■ What is needed
Using the material that follows, output exactly the lines from the one containing "The Business Aparthotel Ottawa" through the one containing "ベクヒョン (EXO)の舞台裏ショット", with both ends kept.
======
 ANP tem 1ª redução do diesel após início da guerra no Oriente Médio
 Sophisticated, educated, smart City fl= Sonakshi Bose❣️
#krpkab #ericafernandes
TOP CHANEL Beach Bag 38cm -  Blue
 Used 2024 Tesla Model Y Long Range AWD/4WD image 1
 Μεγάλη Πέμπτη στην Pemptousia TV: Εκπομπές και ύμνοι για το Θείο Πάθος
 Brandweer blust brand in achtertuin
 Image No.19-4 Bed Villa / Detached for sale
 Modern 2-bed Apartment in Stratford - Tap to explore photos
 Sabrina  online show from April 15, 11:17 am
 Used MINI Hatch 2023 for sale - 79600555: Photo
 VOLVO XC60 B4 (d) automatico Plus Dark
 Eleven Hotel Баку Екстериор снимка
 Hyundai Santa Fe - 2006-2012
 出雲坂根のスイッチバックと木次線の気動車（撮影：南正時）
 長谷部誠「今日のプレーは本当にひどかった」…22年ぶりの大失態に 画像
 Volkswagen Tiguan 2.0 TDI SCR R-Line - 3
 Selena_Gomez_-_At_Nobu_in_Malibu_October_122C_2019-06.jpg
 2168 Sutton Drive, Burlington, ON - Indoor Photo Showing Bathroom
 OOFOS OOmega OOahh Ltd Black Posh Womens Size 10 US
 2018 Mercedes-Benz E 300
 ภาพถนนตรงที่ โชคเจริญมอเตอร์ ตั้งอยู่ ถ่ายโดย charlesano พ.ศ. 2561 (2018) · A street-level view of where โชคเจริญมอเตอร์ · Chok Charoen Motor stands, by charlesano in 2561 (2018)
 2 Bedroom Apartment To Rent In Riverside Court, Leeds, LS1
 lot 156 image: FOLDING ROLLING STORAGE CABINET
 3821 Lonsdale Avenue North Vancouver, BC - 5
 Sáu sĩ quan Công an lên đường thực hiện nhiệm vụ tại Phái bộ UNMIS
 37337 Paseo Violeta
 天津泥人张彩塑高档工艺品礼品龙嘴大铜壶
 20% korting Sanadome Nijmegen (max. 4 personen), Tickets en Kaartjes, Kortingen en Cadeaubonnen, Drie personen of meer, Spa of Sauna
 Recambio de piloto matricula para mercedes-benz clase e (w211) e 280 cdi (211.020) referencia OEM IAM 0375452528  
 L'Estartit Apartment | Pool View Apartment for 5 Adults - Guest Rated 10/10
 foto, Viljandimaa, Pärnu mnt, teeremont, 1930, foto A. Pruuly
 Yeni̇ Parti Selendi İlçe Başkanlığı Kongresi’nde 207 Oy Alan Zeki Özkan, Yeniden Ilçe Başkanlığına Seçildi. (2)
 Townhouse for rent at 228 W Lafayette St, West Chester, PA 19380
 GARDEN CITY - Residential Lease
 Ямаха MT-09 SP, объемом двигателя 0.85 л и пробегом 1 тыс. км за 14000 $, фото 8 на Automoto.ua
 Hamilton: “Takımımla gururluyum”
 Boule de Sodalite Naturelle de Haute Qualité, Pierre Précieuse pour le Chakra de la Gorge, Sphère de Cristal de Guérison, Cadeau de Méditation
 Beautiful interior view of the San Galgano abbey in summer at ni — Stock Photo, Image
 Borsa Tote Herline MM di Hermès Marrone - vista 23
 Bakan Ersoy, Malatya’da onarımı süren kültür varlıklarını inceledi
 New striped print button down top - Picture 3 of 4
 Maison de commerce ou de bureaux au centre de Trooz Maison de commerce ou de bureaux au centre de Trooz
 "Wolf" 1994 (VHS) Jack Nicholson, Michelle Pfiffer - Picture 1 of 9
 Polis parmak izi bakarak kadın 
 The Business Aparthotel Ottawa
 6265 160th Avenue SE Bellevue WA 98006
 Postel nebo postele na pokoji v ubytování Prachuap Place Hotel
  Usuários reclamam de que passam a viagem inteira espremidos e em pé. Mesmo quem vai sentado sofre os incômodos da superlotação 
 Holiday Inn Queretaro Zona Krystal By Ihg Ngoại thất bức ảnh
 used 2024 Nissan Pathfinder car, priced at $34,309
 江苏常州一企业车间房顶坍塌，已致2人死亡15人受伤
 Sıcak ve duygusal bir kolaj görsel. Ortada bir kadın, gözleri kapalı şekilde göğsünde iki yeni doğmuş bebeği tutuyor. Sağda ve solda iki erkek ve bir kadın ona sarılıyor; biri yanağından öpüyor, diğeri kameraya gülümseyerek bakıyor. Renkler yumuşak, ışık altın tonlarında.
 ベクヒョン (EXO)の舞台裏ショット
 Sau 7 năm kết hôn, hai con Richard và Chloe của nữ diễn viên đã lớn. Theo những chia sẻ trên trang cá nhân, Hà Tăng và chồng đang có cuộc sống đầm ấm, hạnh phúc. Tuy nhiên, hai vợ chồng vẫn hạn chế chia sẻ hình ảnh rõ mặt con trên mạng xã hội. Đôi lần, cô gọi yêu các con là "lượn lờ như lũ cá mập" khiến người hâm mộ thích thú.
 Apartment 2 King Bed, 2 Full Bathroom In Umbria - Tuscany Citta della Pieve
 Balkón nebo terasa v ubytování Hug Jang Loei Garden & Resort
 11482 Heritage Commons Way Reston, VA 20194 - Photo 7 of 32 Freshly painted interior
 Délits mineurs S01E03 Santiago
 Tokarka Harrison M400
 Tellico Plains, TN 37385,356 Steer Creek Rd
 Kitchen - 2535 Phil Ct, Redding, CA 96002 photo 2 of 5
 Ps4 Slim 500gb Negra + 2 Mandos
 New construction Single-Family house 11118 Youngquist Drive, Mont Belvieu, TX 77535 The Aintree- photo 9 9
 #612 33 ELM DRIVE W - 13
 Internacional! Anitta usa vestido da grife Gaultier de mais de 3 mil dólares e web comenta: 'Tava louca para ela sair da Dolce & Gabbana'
======
■ Solved exercise
 The Business Aparthotel Ottawa
 6265 160th Avenue SE Bellevue WA 98006
 Postel nebo postele na pokoji v ubytování Prachuap Place Hotel
  Usuários reclamam de que passam a viagem inteira espremidos e em pé. Mesmo quem vai sentado sofre os incômodos da superlotação 
 Holiday Inn Queretaro Zona Krystal By Ihg Ngoại thất bức ảnh
 used 2024 Nissan Pathfinder car, priced at $34,309
 江苏常州一企业车间房顶坍塌，已致2人死亡15人受伤
 Sıcak ve duygusal bir kolaj görsel. Ortada bir kadın, gözleri kapalı şekilde göğsünde iki yeni doğmuş bebeği tutuyor. Sağda ve solda iki erkek ve bir kadın ona sarılıyor; biri yanağından öpüyor, diğeri kameraya gülümseyerek bakıyor. Renkler yumuşak, ışık altın tonlarında.
 ベクヒョン (EXO)の舞台裏ショット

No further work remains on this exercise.